I was on the phone with my Momma a few weeks ago, and I was telling her about my Feast of the Seven Fishes blog. She mentioned that she would like to see a recipe for Pasta with Anchovies and Walnut Breadcrumbs. How could I say no? Honestly, this recipe is so super simple. It can be prepared in the time it takes to boil the pasta.
Per usual, when I was back in Pennsylvania a few weeks ago, I visited my favorite Italian store, Delallo. I gathered up a bunch of goodies in anticipation of making this. If you are near Jeanette, Pennsylvania, be sure to stop by and pay them a visit. You can also check their website for product availability in your area. Love that I was able to get everything there from the pasta, to the anchovies, and even the walnuts! You have to check out their nut section! Oh, and their olive bar, cheese shop and bakery. Pick up a few lobster tails (the pastry) while you are there.

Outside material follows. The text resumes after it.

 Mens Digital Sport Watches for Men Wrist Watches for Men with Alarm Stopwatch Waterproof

Some of you might be thinking about how much you loathe anchovies. There would be no way you would be making this. However, the best part about this recipe, is that it does NOT taste like anchovies. I PROMISE! The anchovies just give the pasta an amazing level of flavor and saltiness. No doubt, if you prepare this for someone who does not like anchovies, they will never know they are in the dish. Of course, unless you tell them!
HOW TO MAKE PASTA WITH ANCHOVIES AND WALNUT BREADCRUMBS
Start a pot of water boiling. As the the water is heating up, in a mini-chopper, add the breadcrumbs and walnuts. Pulse a few times. You want the nuts to be the same consistency as the breadcrumbs. Heat up a tablespoon or two of olive oil in a non-stick pan. Add the breadcrumb mixture and toast. Keep an eye on this, as they can easily burn. This should only take a few minutes. Stir constantly. Reserve.

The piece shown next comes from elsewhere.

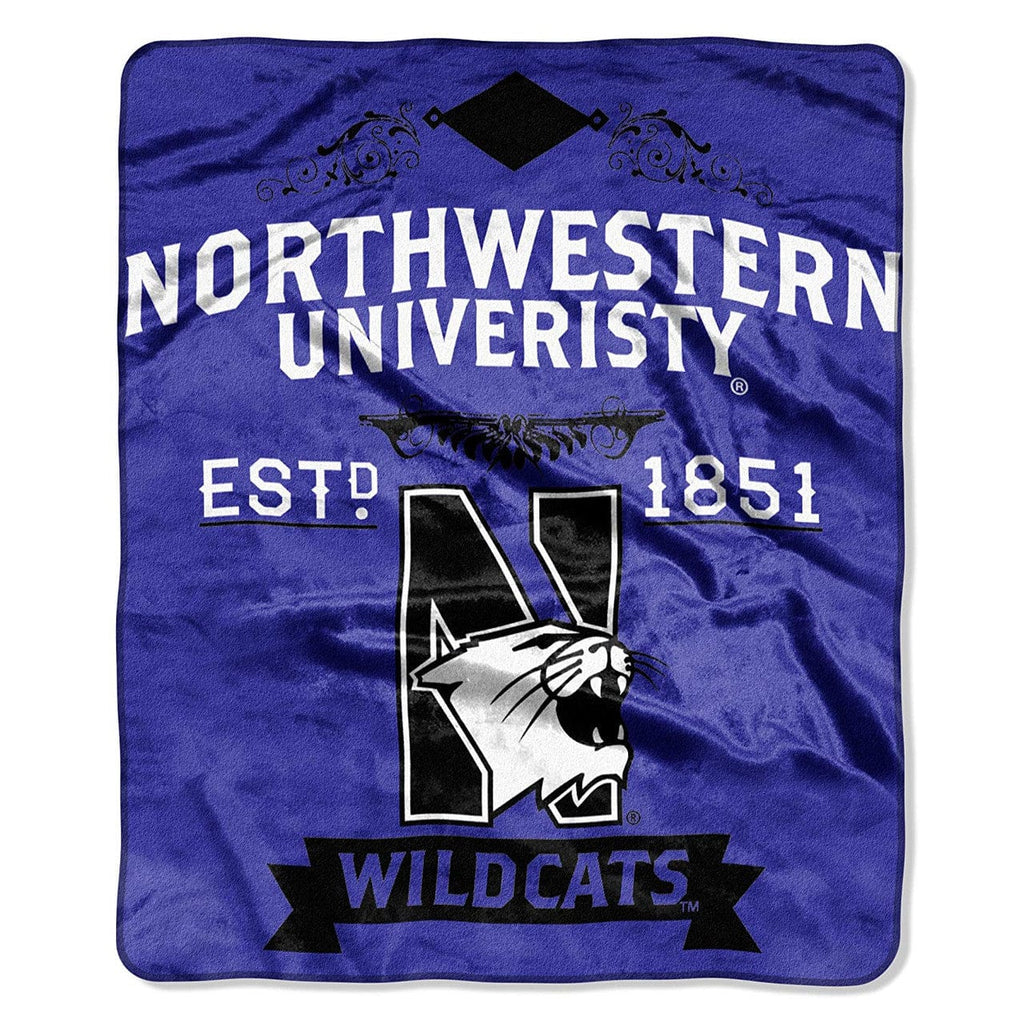 Northwestern Wildcats Northwestern Wildcats Blanket 50x60 Raschel Label Design 087918061644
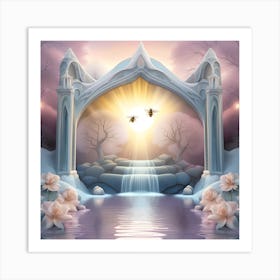 Fairy Garden With Waterfall And Bees Art Print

Drop pasta. Be sure to salt the water! In a deep pan, heat up two tablespoons of olive oil and the anchovies. Break apart the anchovies. You will notice the anchovies will start to “melt.” Add in the garlic, crushed red pepper flakes and a dash or two of black pepper. Allow to cook for another three minutes.
Lower heat on pan. At this point, the pasta should be al dente. Transfer the pasta directly from the pot to the pan. Do not drain, or rinse. You will also be using a ladle, or so full of the pasta water, so do not dump the pot. Coat the pasta with the pan mixture. Pour in a ladle of the pasta water. Toss again. Allow to warm up just a minute. Throw in the breadcrumb mixture and fresh chopped parsley. Toss again to coat. If the pasta seems a bit dry, add in a touch more pasta water. Slowly incorporate the Parmesan cheese.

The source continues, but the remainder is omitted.